■ TASK DATA:

◇ ◇ ◇ ◇ ◇ ◇ ◇

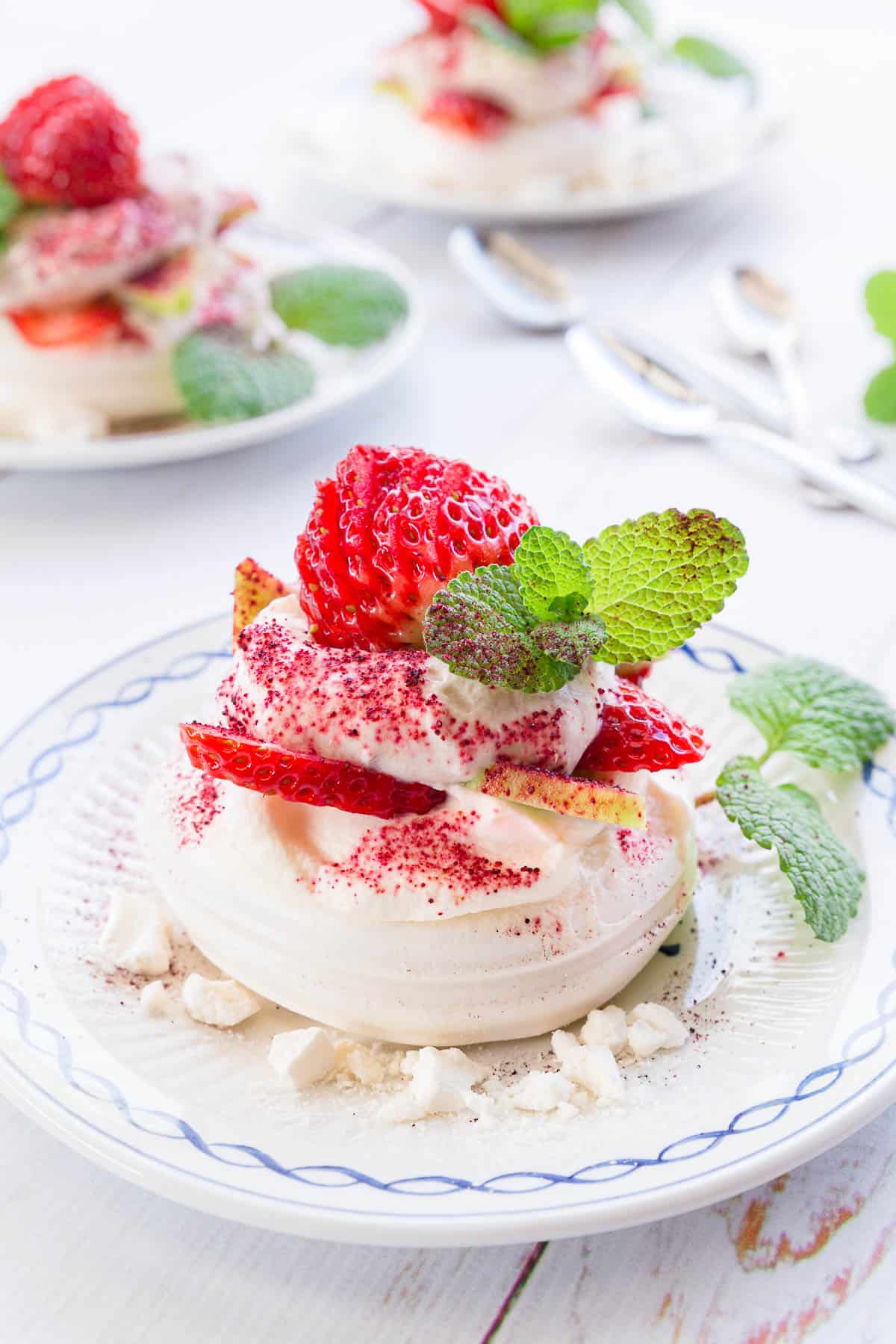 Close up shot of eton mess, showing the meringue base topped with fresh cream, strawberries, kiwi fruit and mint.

◇ ◇ ◇ ◇ ◇ ◇ ◇

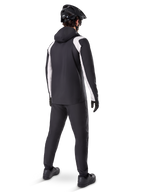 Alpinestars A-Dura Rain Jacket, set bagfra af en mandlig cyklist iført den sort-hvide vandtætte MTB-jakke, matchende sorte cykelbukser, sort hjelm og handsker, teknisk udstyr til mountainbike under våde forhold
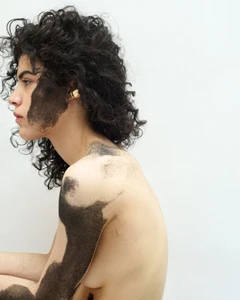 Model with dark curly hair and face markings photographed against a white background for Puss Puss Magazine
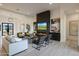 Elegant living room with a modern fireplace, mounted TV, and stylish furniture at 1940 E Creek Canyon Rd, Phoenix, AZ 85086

◇ ◇ ◇ ◇ ◇ ◇ ◇

■ WHAT THIS TASK INVOLVES:
Using the entries above, write out exactly the lines from the one with "Model with dark" through the one with "Elegant living room", ends included. Leave out any pictures.

■ WRITTEN SOLUTION:
 Model with dark curly hair and face markings photographed against a white background for Puss Puss Magazine
 Elegant living room with a modern fireplace, mounted TV, and stylish furniture at 1940 E Creek Canyon Rd, Phoenix, AZ 85086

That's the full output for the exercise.